▶ Task item
Copy, exactly and without additions, every line in the records below from the one holding "A 3D Scan Of" through the one holding "Image of John Deere Z950R equipment image 1", both ends included.

▶ Exercise material
------
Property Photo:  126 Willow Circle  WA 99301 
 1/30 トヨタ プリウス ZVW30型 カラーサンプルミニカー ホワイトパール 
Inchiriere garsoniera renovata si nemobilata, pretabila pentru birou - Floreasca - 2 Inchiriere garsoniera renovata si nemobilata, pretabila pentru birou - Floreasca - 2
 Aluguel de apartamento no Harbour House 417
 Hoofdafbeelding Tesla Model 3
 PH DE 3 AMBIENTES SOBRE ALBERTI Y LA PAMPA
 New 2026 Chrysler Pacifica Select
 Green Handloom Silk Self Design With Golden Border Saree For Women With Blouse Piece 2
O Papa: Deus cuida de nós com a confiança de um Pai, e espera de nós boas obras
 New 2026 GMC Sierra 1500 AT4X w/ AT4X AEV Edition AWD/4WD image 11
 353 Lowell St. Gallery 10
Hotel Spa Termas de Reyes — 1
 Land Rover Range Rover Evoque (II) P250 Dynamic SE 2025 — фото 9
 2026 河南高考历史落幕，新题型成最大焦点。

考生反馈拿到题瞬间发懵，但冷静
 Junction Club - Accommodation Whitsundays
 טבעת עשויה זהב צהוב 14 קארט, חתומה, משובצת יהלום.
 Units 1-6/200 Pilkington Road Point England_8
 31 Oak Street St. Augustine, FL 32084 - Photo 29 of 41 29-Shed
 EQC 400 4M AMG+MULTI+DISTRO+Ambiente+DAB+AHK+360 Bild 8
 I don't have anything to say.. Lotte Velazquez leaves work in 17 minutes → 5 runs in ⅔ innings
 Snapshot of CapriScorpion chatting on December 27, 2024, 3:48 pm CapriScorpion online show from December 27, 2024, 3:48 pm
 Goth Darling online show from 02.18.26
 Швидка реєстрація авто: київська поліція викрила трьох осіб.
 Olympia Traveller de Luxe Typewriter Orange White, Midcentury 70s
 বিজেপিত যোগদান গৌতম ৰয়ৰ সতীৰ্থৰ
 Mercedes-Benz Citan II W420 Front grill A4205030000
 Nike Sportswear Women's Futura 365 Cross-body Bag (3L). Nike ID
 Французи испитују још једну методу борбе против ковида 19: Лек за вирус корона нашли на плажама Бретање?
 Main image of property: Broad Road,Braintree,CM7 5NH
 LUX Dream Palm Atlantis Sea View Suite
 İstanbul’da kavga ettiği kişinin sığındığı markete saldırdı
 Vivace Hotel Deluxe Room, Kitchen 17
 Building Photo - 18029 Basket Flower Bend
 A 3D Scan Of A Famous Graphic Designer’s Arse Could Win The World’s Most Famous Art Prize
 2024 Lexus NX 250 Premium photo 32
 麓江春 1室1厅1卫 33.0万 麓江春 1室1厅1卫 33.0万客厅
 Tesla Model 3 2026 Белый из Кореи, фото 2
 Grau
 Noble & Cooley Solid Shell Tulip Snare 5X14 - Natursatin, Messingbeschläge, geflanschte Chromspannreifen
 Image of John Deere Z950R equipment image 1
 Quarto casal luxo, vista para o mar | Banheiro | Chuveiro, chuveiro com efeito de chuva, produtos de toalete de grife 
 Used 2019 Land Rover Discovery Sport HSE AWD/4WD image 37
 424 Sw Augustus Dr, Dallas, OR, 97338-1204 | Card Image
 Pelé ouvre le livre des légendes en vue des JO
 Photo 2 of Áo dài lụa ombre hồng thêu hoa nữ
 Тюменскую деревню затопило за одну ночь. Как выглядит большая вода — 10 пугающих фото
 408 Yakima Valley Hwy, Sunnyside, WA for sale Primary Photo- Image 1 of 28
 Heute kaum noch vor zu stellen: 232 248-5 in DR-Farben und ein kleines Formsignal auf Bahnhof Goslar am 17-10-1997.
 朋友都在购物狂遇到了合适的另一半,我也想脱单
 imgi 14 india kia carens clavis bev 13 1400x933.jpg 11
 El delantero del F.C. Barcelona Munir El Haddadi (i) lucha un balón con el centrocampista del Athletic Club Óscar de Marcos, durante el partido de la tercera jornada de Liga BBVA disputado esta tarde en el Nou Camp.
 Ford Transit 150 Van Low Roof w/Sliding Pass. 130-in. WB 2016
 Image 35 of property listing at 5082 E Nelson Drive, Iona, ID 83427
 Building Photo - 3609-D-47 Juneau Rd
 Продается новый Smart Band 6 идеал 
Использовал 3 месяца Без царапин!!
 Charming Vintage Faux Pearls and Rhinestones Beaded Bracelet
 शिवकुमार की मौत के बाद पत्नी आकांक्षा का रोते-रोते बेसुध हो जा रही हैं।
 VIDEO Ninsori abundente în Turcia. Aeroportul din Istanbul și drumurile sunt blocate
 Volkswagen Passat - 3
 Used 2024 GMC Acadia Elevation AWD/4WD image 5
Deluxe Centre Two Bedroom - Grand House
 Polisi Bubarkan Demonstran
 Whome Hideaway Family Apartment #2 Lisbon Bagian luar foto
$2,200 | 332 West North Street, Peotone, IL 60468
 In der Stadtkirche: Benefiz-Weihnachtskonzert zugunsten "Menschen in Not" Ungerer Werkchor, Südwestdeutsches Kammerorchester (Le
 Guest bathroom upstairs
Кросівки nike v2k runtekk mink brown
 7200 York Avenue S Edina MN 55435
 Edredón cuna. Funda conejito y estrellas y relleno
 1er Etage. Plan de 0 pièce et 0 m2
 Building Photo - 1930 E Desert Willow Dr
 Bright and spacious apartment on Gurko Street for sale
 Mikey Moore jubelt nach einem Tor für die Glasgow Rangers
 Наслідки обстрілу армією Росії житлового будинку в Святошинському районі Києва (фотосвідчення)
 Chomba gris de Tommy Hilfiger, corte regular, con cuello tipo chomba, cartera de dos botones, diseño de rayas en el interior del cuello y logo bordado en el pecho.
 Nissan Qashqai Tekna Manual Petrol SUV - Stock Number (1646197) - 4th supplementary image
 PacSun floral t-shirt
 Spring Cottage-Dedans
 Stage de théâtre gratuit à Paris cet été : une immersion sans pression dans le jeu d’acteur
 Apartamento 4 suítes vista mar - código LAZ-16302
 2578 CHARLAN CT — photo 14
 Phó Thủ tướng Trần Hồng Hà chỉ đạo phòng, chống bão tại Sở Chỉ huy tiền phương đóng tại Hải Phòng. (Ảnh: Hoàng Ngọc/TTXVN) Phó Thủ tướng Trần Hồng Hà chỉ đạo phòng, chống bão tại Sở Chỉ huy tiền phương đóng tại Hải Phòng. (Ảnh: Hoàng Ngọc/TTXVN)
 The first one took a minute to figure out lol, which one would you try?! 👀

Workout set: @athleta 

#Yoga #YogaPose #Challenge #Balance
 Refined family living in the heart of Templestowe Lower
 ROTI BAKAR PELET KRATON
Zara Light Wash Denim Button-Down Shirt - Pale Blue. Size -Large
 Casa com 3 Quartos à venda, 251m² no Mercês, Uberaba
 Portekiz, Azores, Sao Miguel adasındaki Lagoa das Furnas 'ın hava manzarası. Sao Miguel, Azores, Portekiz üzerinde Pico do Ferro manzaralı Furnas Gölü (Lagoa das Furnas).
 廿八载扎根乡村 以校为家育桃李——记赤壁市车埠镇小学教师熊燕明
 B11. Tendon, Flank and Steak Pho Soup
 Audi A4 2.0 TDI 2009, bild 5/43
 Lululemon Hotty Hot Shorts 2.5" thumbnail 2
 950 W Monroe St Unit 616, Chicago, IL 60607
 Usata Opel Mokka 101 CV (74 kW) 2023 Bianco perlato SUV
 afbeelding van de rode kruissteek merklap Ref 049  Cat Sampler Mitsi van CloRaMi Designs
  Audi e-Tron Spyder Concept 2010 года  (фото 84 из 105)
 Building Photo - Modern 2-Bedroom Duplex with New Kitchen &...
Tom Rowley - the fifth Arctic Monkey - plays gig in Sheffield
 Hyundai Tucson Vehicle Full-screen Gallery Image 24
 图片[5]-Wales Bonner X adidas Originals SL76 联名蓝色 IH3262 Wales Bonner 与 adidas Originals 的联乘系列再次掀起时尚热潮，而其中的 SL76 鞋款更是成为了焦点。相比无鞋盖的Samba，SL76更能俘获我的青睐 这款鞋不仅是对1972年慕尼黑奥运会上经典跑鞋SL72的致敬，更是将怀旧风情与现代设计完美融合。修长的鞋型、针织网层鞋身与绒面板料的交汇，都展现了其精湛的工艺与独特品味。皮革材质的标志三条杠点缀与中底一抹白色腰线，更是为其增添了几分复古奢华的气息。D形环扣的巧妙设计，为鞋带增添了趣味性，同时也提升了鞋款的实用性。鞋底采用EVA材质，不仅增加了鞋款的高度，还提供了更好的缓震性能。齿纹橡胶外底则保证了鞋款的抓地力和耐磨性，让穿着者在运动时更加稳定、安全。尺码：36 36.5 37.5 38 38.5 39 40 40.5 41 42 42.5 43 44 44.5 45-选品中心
------
▶ Exercise answer
 A 3D Scan Of A Famous Graphic Designer’s Arse Could Win The World’s Most Famous Art Prize
 2024 Lexus NX 250 Premium photo 32
 麓江春 1室1厅1卫 33.0万 麓江春 1室1厅1卫 33.0万客厅
 Tesla Model 3 2026 Белый из Кореи, фото 2
 Grau
 Noble & Cooley Solid Shell Tulip Snare 5X14 - Natursatin, Messingbeschläge, geflanschte Chromspannreifen
 Image of John Deere Z950R equipment image 1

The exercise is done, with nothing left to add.